The fifa dataset is a preprocessed players_20.csv dataset which comes as a part of "FIFA 20 complete player dataset" at Kaggle.

data(fifa)

Format

a data frame with 5000 rows, 42 columns and rownames

Source

The players_20.csv dataset was downloaded from the Kaggle site and went through few transformations. The complete dataset was obtained from https://www.kaggle.com/stefanoleone992/fifa-20-complete-player-dataset#players_20.csv on January 1, 2020.

Details

It contains 5000 'overall' best players and 43 variables.

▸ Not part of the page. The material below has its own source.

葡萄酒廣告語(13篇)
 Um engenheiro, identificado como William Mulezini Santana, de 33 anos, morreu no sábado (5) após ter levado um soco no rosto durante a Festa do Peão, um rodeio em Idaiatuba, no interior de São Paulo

These are:

  • short_name (rownames)

  • nationality of the player (not used in modeling)

  • overall, potential, value_eur, wage_eur (4 potential target variables)

  • age, height, weight, attacking skills, defending skills, goalkeeping skills (37 variables)

It is advised to leave only one target variable for modeling.

Source: https://www.kaggle.com/stefanoleone992/fifa-20-complete-player-dataset

All transformations:

  1. take 43 columns: [3, 5, 7:9, 11:14, 45:78] (R indexing)

  2. take rows with value_eur > 0

  3. convert short_name to ASCII

  4. remove rows with duplicated short_name (keep first)

  5. sort rows on overall and take top 5000

  6. set short_name column as rownames

  7. transform nationality to factor

  8. reorder columns